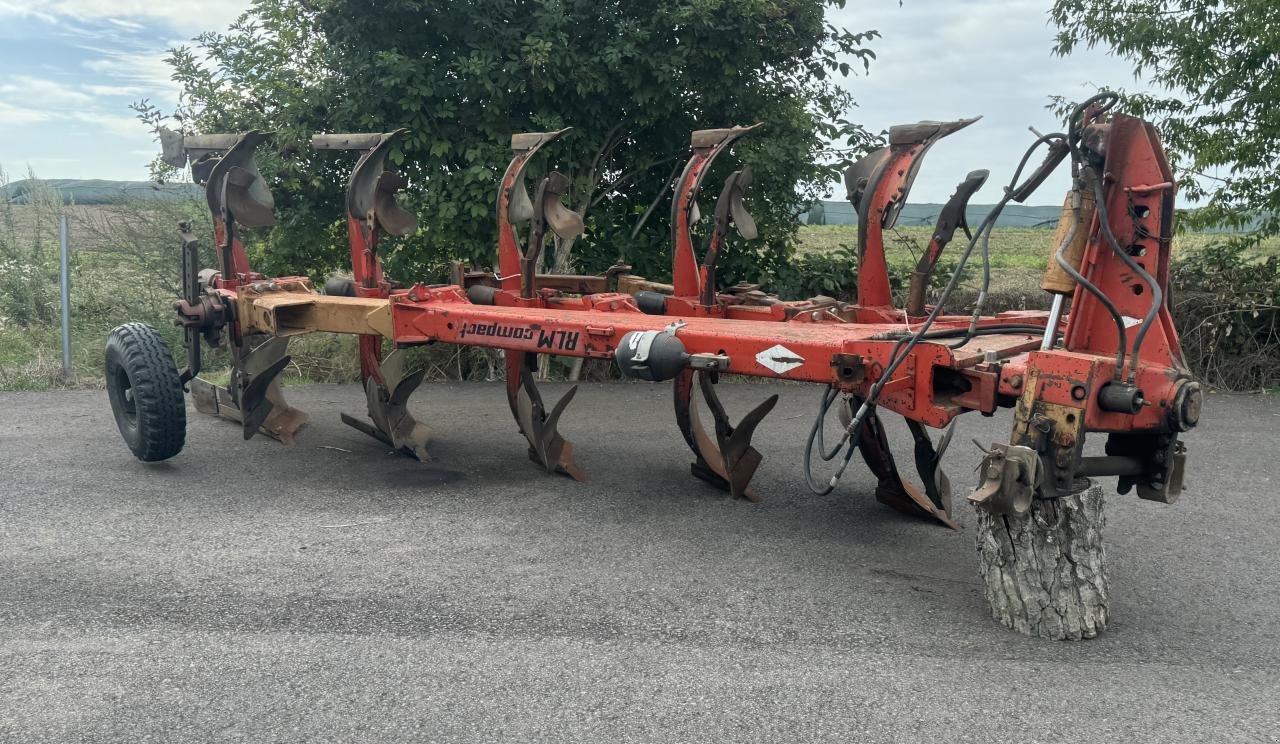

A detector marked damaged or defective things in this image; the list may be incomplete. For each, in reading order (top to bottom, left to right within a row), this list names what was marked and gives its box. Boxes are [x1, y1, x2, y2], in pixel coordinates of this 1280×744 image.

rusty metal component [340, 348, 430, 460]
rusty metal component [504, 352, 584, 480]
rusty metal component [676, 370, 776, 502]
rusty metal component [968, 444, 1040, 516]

◆ **What to work on**: Only the records are wanted, copied exactly, with the pictures dropped.

◆ **Task answer**:
A detector marked damaged or defective things in this image; the list may be incomplete. For each, in reading order (top to bottom, left to right within a row), this list names what was marked and gives its box. Boxes are [x1, y1, x2, y2], in pixel coordinates of this 1280×744 image.

rusty metal component [340, 348, 430, 460]
rusty metal component [504, 352, 584, 480]
rusty metal component [676, 370, 776, 502]
rusty metal component [968, 444, 1040, 516]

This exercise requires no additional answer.